NOTE: The accepted answer here: Is there a general solution for the "Spider and the Fly Problem"? in the 3-d case does require looping through unfoldings. The unfoldings are basically spanning trees. But for a given spanning tree, not sure how to get the shortest path without being able to "lay it flat".
Not an answer, just a fleshing-out of my comment that is itself too long for a comment. Making it C-W in the hope of inviting others to contribute.
For simplicity, let's work in the cube $I^{n} = [-1, 1]^{n}$ in Euclidean $n$-dimensional space, whose vertices are $n$-tuples of $1$s and $-1$s. Everything combinatorial below extends with obvious modifications to a general box $$ \prod_{j=1}^{n} [a_{j}, b_{j}] = [-a_{1}, a_{1}] \times [-a_{2}, a_{2}] \times \cdots \times [-a_{n}, a_{n}]. $$
By writing $$ [-1, 1] = \{-1\} \sqcup (-1, 1) \sqcup \{1\} $$ (disjoint union, hence $\sqcup$), we may index the set of all faces by ordered $n$-tuples $(e_{j})_{j=1}^{n}$ in $\{-1, I, 1\}^{n}$. We can usefully encode incidence data by defining $$ \begin{array}{r|rrr} \cap & -1 & I & 1 \\ \hline -1 & -1 & -1 & \varnothing \\ I & -1 & I & 1 \\ 1 & \varnothing & 1 & 1 \\ \end{array} $$ and extending componentwise: $(e_{j}) \cap (e_{j}') = (e_{j} \cap e_{j}')$. An obvious modification defines containment.

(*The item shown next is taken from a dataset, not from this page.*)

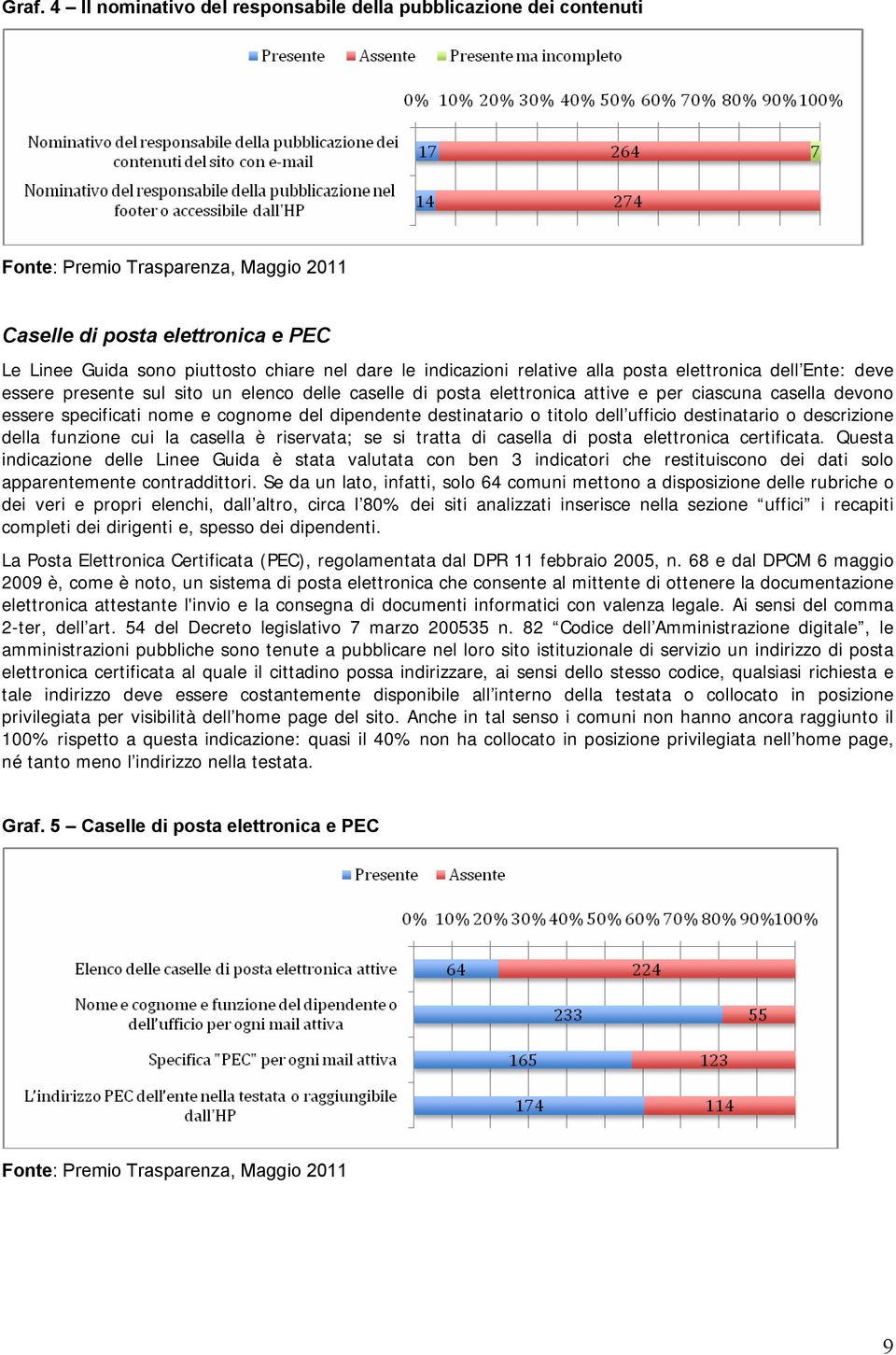 cognome del dipendente destinatario o titolo dell ufficio destinatario o descrizione della funzione cui la casella è riservata; se si tratta di casella di posta elettronica certificata.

The locations of a spider and a fly may be encoded as $n$-tuples $(x_{j})$ of real numbers in $I^{n}$; the smallest-dimensional containing face of each is found by setting each $x_{j}$ with $|x_{j}| < 1$ to $I$. If each lies in the $k$-skeleton (the union of faces of dimension at most $k$), a path from the spider to the fly may be constrained by permitting it to travel only in the $k$ skeleton, or not, as the case may be.
To finish with a couple of speculative strategies (since OP and others here are more knowledgeable about data structures and algorithms than I):
In any case, a shortest path proceeds monotonically along the displacement vector from the spider to the fly, in the precise sense that if $x(t)$ is a piecewise-$C^{1}$ shortest parametrization starting at the spider $S$ and ending at the fly $F$, then $0 < x'(t) \cdot (F - S)$ for all $t$. That may usefully constrain the types of search needed.